Aus Kundensicht ist die Zusammenarbeit mit diesen IT-McKinseys ambivalent: Man freut sich, dass man endlich die richtigen Berater*innen mandatiert hat, die anscheinend dieses verflixte Problem jetzt wirklich lösen können. Gleichzeitig nagt das Ganze am Selbstwertgefühl der eigenen IT, die es ja anscheinend nicht geschafft hat. Bei der internen Mikropolitik hat das eventuell Konsequenzen im Rahmen eines Blame-Games. Auch stellt sich das Ganze für die Organisation als Lern-Challenge dar: Schließlich hat es ja deshalb so lange nicht geklappt, weil man es so wie immer machen wollte, die alten Routinen sich aber als lösungsresistent herausgestellt haben. Jetzt ist alles anders, ist es das aber auch auf Dauer? Große IT-Lösungen sind heutzutage auch immer organisationale Transformationen und was am Ende das Tages davon überbleibt, wenn die Beraterin wieder weg ist, muss sich zeigen. Es kommt darauf an, wie stark die Lösung des IT-Problems in eine begleitende Organisationsentwicklung gelingend eingebunden ist, die gut gesicherte Brücken in die Zukunft bereitstellt.

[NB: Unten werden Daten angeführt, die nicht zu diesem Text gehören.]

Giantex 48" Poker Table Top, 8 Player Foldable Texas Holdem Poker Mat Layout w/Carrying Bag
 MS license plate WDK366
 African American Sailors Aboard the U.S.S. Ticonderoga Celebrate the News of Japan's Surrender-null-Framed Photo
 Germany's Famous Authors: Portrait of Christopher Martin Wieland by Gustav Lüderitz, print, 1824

Aus Bewerber*innensicht sind die Harten im Garten schon sehr attraktiv: Da möchte man gerne dazu gehören, in der Champions League mitspielen, selbst ein Superhero sein oder zumindest in kürzester Zeit dazu werden. Auch ein Team solcher Koryphäen verspricht Lernen von und mit den Besten, was vielleicht eine der größten Treiber im Bewerbungsprozess für Millennials ist: Von wem hier kann ich was in welcher Zeit lernen? Gleichzeitig muss einem klar sein, dass Unternehmen, die mit solchen außergewöhnlich begabten Koryphäen gestafft sind, in die Kategorie Expertenorganisation fallen. Das sind spezielle Unternehmenskulturen, die sich durch hochgradige Spezialisierung verbunden mit partizipativen Entscheidungsstrukturen auszeichnen und erhöhte Komplexität zum Beispiel bei der Steuerung und im Management mit sich bringen. Muss man mögen, muss man können, muss man drin bestehen.

IT-Unternehmen werben immer öfter mit der Eigensinnigkeit ihrer Mitarbeiter*innen. Die einen suchen den Neinsager, die anderen den Querdenker, Dritte wollen jemanden, der Prämissen richtigstellen kann. Da ähneln sich die Unternehmenskulturen des gallischen IT-Dorfes dann doch irgendwie. Aus Bewerber*innensicht ist das schon nicht mehr genügend differenzierend: Zu welchem Diamantenschleifer gehe ich denn? Anforderungsprofile setzen sich immer aus vielen Facetten zusammen, von denen ein bestimmtes Set immer gerade en vogue ist. Was kommt also nach bzw. neben den Harten im Garten? Vielleicht der Brückenbauer, der Lösungen findet, die nicht hart durchgesetzt werden müssen, sondern unterschiedliche Anforderungen durch die Benennung eines Surplus in Deckung bringt. Oder der Trainertyp, der seine Expertise über kreative, geduldige, didaktisch gut durchdachte Learnings an sein Team, Kund*innen wie Kolleg*innen, weitergibt, auch weil er sein Wissen in einer charmanten Art und Weise teilt. Oder die Katalysator*in, die in Meetings durch geschickte Irritationen und Interventionen Teams immer wieder zu Lösungen führt, die latent in ihnen schlummern. Der Garten muss nicht verzwergen oder verheroen, Vielfalt hat Charme und macht attraktiv.